Rev up some ruby rhubarb

01:36, Dec 18 2013
Give this delicious jam real zing with succulent stem ginger. The fusion of sweet and tart makes for a great breakfast spread or topping for scones and pikelets.

In the beginning, at the risk of sounding biblical, there was ground ginger, the indispensable addition to puddings and cakes that lurked in the cupboards of our childhoods in tantalising tins that, even when empty, retained the exotic aroma of "somewhere foreign".

The tins eventually gave way to cardboard packets and then to plastic containers, but it was years before I got to grips with the origins of this spice. Somehow the idea that a lumpy rhizome was connected in any way to this fragrant golden powder was incomprehensible.
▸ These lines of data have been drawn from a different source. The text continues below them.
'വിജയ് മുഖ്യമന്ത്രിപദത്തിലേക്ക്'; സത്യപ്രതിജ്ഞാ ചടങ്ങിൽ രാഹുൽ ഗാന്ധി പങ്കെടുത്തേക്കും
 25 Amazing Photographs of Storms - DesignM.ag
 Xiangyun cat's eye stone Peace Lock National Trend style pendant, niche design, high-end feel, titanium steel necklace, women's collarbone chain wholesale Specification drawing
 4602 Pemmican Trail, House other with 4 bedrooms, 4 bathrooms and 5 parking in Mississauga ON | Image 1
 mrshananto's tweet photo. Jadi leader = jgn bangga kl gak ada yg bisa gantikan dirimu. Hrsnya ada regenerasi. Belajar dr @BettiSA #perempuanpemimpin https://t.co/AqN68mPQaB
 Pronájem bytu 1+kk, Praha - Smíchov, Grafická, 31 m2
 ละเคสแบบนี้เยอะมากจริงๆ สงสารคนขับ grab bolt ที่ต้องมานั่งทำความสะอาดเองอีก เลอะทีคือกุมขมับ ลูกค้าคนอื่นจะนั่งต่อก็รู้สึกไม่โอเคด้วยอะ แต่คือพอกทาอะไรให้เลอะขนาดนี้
But that was the way things were back then. Root ginger was not available and, even if it had been, recipe books I used didn't include it in anything recognisable.

Most of us are familiar with root ginger and because it freezes well I keep it on hand all the time. It's easy to grate when frozen, allowing me to buy it when it's super-fresh and succulent.

Lately, recipe books and cookery shows have been infiltrated by stem ginger. Have you noticed how this happens with new ingredients? One minute you are blissfully unaware; the next, every chef and food writer is using it - lavishly - while you are left blinking on the sidelines.

Stem ginger is young ginger preserved in a heavy syrup. I was given a jar and now find it impossible to exist without it. It's a wonderful addition to all things gingery and keeps perfectly in its syrup. This form of ginger is quite hot, so if you have never used it before, I recommend that you taste it before adding the desired quantity to preserves such as today's recipe.


Two hints for making rhubarb jam. Add the sugar to the sliced rhubarb and leave it for 24 hours. I know this might be tedious but it pays off. The texture of the jam is greatly improved, as is the colour.

Lots of jam recipes now recommend you use pectin-infused sugar (jam sugar). A half teaspoon of tartaric acid to each 500g of fruit is just as effective - and cheaper too.


Makes 4 small jars

500g sliced red rhubarb

500g sugar

zest and juice of a lemon

2 Tbsp finely chopped stem ginger

1/2 tsp tartaric acid


Place rhubarb, sugar, zest, juice and ginger in a glass or ceramic bowl.

Stir to combine then cover.

Leave for 24 hours, stirring occasionally.

Spoon the ingredients, including all juices, into a saucepan.

Bring to the boil and cook for 15 minutes, stirring often to prevent sticking.

Add tartaric acid and cook for a further 5 minutes.

Remove from heat and allow to cool before spooning into jars.